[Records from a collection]

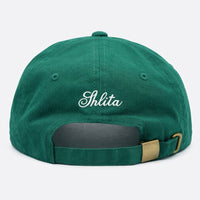 Green cap with 'Shlita' embroidered on the back against a white background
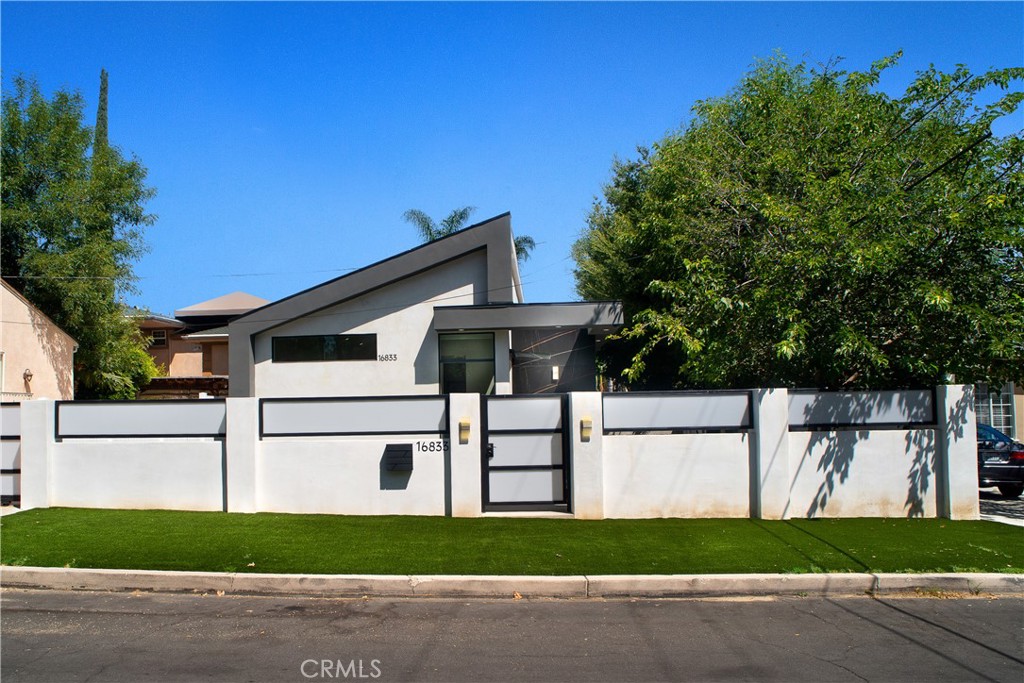 Welcome to this stunning newly constructed ADU, privately tucked behind secure gate and thoughtfully designed for both comfort and style. This 3-bedroom, 2-bathroom residence features an ideal open-concept floor plan with a seamless living and dining area that feels both inviting and spacious. The chef’s kitchen comes complete with brand-new appliances and an oversized island—perfect for everyday meals or hosting gatherings. The primary suite offers a serene retreat with its own private en-suite bath, while additional highlights include high ceilings, central A/C, motorized window shades, recessed lighting, solar panels, and the convenience of an in-unit washer and dryer. Step outside to your private yard, an ideal setting for relaxing or entertaining guests. Perfectly situated near the vibrant dining and shopping of Ventura Boulevard with easy freeway access, this move-in-ready home combines privacy, convenience, and modern living in one exceptional package. (Some images have been virtually staged for illustrative purposes only.)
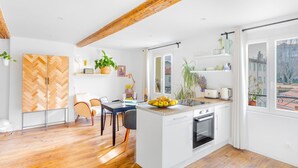 A modern kitchen with wooden beams, a dining area, and a view of the city. - T2 Bazeilles by Interhome (Toulon)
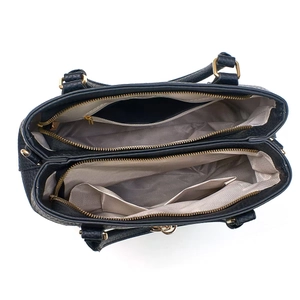 Detailed interior of navy lychee leather tote showing multiple compartments and gold hardware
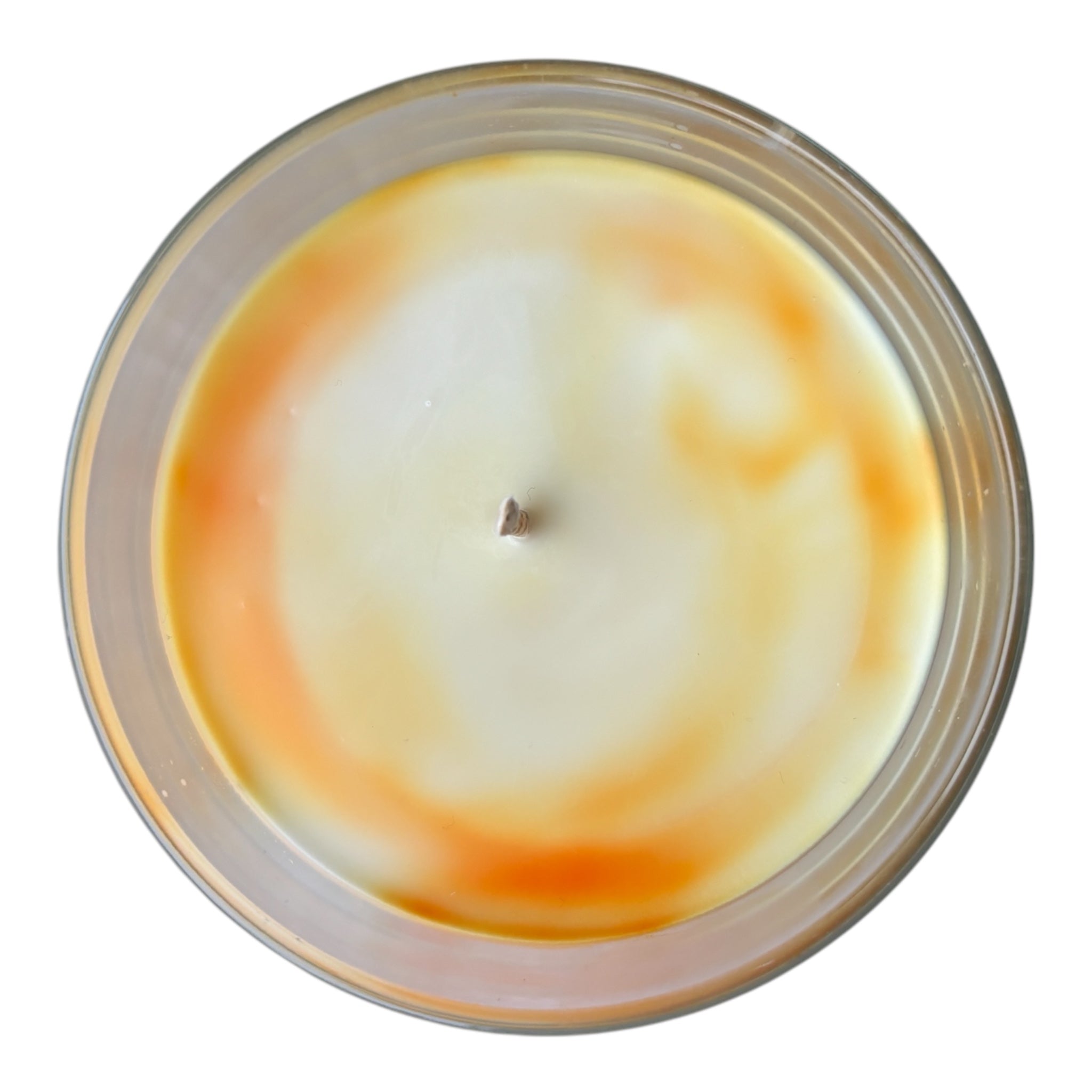 Orange-a-licious handgjort doftljus, marmorerad design med svenskt växtbaserat vax, veganskt och miljövänligt doftljus från Moony Flames, uppifrån.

» The problem: Please give the entries above again exactly as written, leaving out any pictures.

» Written reply:
 Green cap with 'Shlita' embroidered on the back against a white background
 Welcome to this stunning newly constructed ADU, privately tucked behind secure gate and thoughtfully designed for both comfort and style. This 3-bedroom, 2-bathroom residence features an ideal open-concept floor plan with a seamless living and dining area that feels both inviting and spacious. The chef’s kitchen comes complete with brand-new appliances and an oversized island—perfect for everyday meals or hosting gatherings. The primary suite offers a serene retreat with its own private en-suite bath, while additional highlights include high ceilings, central A/C, motorized window shades, recessed lighting, solar panels, and the convenience of an in-unit washer and dryer. Step outside to your private yard, an ideal setting for relaxing or entertaining guests. Perfectly situated near the vibrant dining and shopping of Ventura Boulevard with easy freeway access, this move-in-ready home combines privacy, convenience, and modern living in one exceptional package. (Some images have been virtually staged for illustrative purposes only.)
 A modern kitchen with wooden beams, a dining area, and a view of the city. - T2 Bazeilles by Interhome (Toulon)
 Detailed interior of navy lychee leather tote showing multiple compartments and gold hardware
 Orange-a-licious handgjort doftljus, marmorerad design med svenskt växtbaserat vax, veganskt och miljövänligt doftljus från Moony Flames, uppifrån.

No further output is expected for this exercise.